Question

A horizontal plank has a rectangular block placed on it. The plank starts oscillating vertically and simple harmonically with an amplitude of 40 cm. The block just loses contact with the plank when the latter is at momentary rest Then.
A. the period of oscillation is `((2pi)/(5))`
B. `the block weighs double its actual weght, then the plank is at one of the positions of momentary rest.

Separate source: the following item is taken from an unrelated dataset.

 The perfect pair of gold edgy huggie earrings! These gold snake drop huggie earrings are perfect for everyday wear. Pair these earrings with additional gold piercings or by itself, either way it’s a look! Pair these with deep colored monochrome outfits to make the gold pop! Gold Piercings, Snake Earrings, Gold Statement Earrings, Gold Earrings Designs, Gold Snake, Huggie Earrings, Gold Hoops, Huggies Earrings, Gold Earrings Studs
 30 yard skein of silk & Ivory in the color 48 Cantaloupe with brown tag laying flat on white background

C. the block weighs 1.5 times its weight on the plank halfway down
D. the block weghs its true weight on the plank when the later moves fastest.

Answer 1

Correct Answer - A::B::C::D

The position of momentary rest in SHM is the extreme position where velocity of particle is zero.

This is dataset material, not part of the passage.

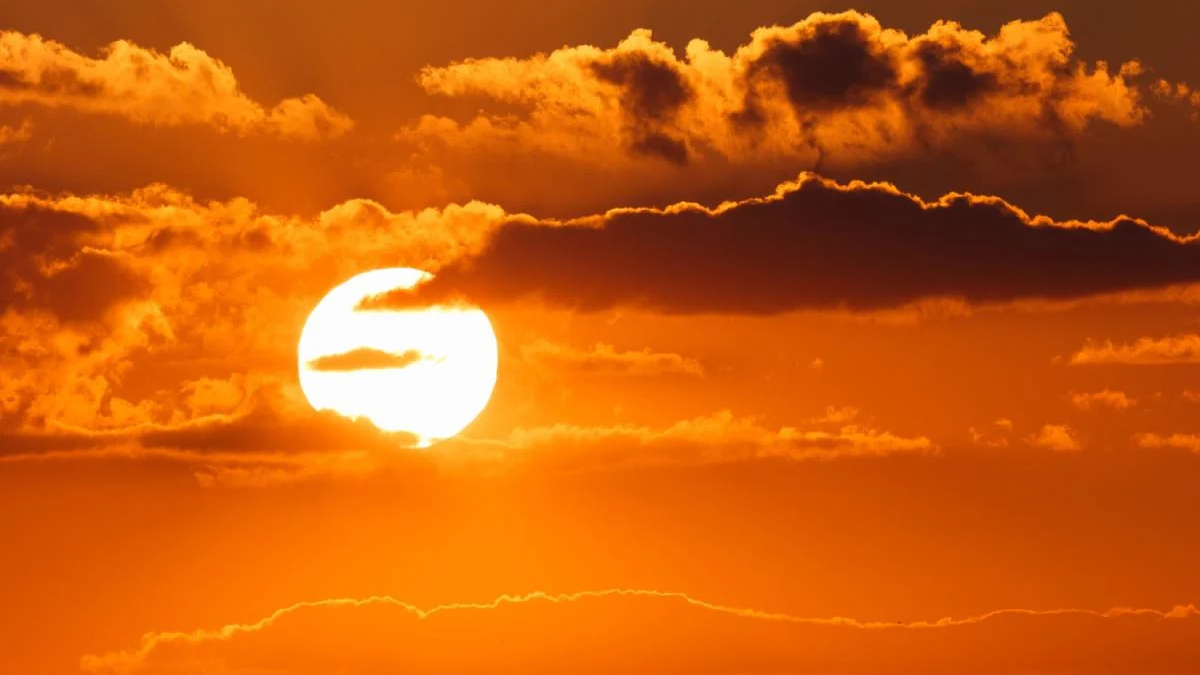 Sun setting over an orange sky with scattered clouds and a bright sun near the horizon.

As the block loses contact with thw plank at this position i.e, normal force becomes zero, it has to be the upper extreme where acceleration of the block will be g downwards.

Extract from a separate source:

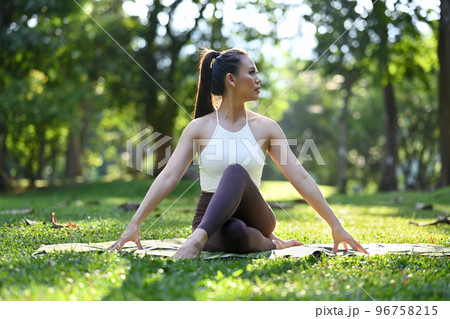 Elegant young woman in sportswear sitting in Half lord of the fishes pose, practicing yoga on green park with sunlight 96758215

`omega^2A=gimpliesomega^2=(10)/(0.4)=25`
`omega=5(rad)/(s)impliesT=(2pi)/(omega)=(2pi)/(5)s`
Acceleration in SHM is given as `a=omega^2x`.
From the figure, we can see that at lower extreme, acceleration is g upwards
`N-mg=ma`
or `N=m(a+g)=2mg`
at halfway up acceleration is `(g)/(2)` downwards
`mg-N=ma` or `N=m(g-(g)/(2))=(1)/(2)mg`
At halfway down, acceleration is `(g)/(2)` upwards.
`N-mg=ma` or `N=m(g+(g)/(2))=(3)/(2)mg`
At mean position velocity is maximum and acceleration is zero.